Composer Listing - Bach Bach

(b Eisenach, 1685; d Leipzig, 1750). German composer and organist. The dramatic and emotional force of his music, as evidenced in the Passions, was remarkable in its day and has spoken to succeeding generations with increasing power. Suffice it to say that for many composers and for countless listeners, Bach's music is supreme.

 

Composer Listing - Bartok Bartok

(b Nagyszentmiklós, Hungary (now Romania), 1881; d NY, 1945). Hungarian composer, pianist, and folklorist. Bartók's music is a highly individual blend of elements transformed from his own admirations: Liszt, Strauss, Debussy and Stravinsky.

Composer Listing - Beethoven Beethoven

(b Bonn, 1770; d Vienna, 1827). German composer and pianist. Beethoven's significance in the history and development of music is immense. He emancipated and democratized the art, composing out of spiritual inner necessity rather than as provider of virtuoso display material. It is probably true to say that today his music is the most frequently performed of any composer's.

Composer Listing - Brahms Brahms

(b Hamburg, 1833; d Vienna, 1897). German composer and pianist. Brahms was a master in every form of composition except opera, which he never attempted. He eschewed programme-music and wrote in the classical forms, yet his nature was essentially romantic.

Composer Listing - Burgmuller Burgmuller

Burgmuller (1806-1874) was born into a German musical family: both his father and brother were also well-known composers. Settling in Paris after 1832, his light and intimate playing style won popularity in the salons of the day. Originally titled 25 Etudes faciles et progressives, composees et doigtees expressement pour l'etendue des petites mains, his Opus 100 pieces are perennial favorites among piano students and their teachers.

Composer Listing - Chopin Chopin

(b Zelazowa Wola, 1810; d Paris, 1849). Polish composer and pianist. His playing was both powerful and rhythmically subtle, with astonishing evenness of touch. There are bold, prophetic passages in his music, ornamentation derived from his admiration for it.

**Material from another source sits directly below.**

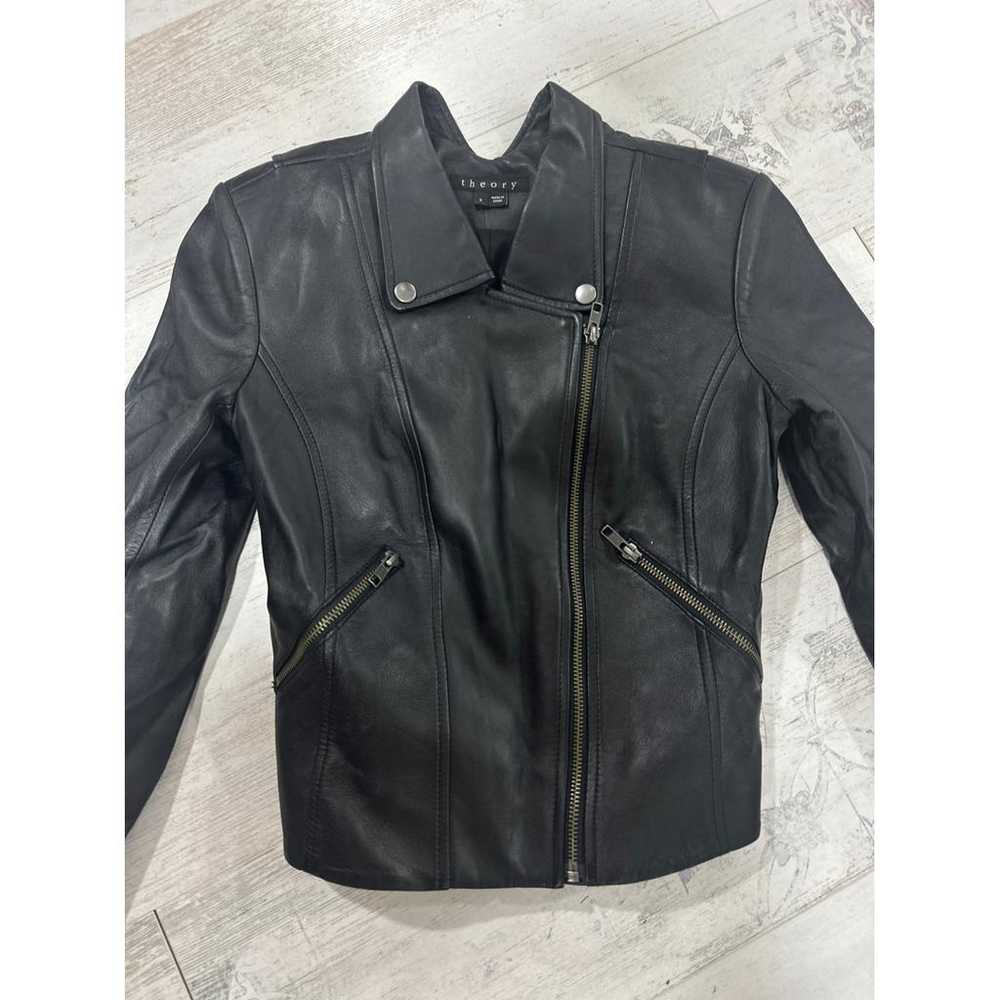 Theory Leather biker jacket - image 2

Composer Listing - Clementi Clementi

(b Rome, 1752; d Evesham, 1832). English pianist and composer of Italian birth. Composed collection of 100 studies, Gradus ad Parnassum, which remains a foundation of pianoforte technique. Composed over 100 piano sonatas, some of them valued highly by Beethoven, whom Clementi met in 1807

Composer Listing - Czerny Czerny

(b. Vienna 1791, d. Vienna 1857) A young student of Beethoven, it is not an overstatement to say that Czerny was a central figure in the transmission of Beethoven's legacy to a new generation of composers. However, his most valuable contribution to generations of pianists through his systematic composition of thousands of technical studies remains his most enduring creation.

Composer Listing - Debussy Debussy

(b St Germain-en-Laye, 1862; d Paris, 1918). French composer and critic. Debussy was among the greatest and most important of 20th-century composers both by reason of his own achievement and by the paths he opened for others to explore, hence the homage to him paid by later composers such as Boulez, Messiaen, Webern, Bartók, Stravinsky, and many others.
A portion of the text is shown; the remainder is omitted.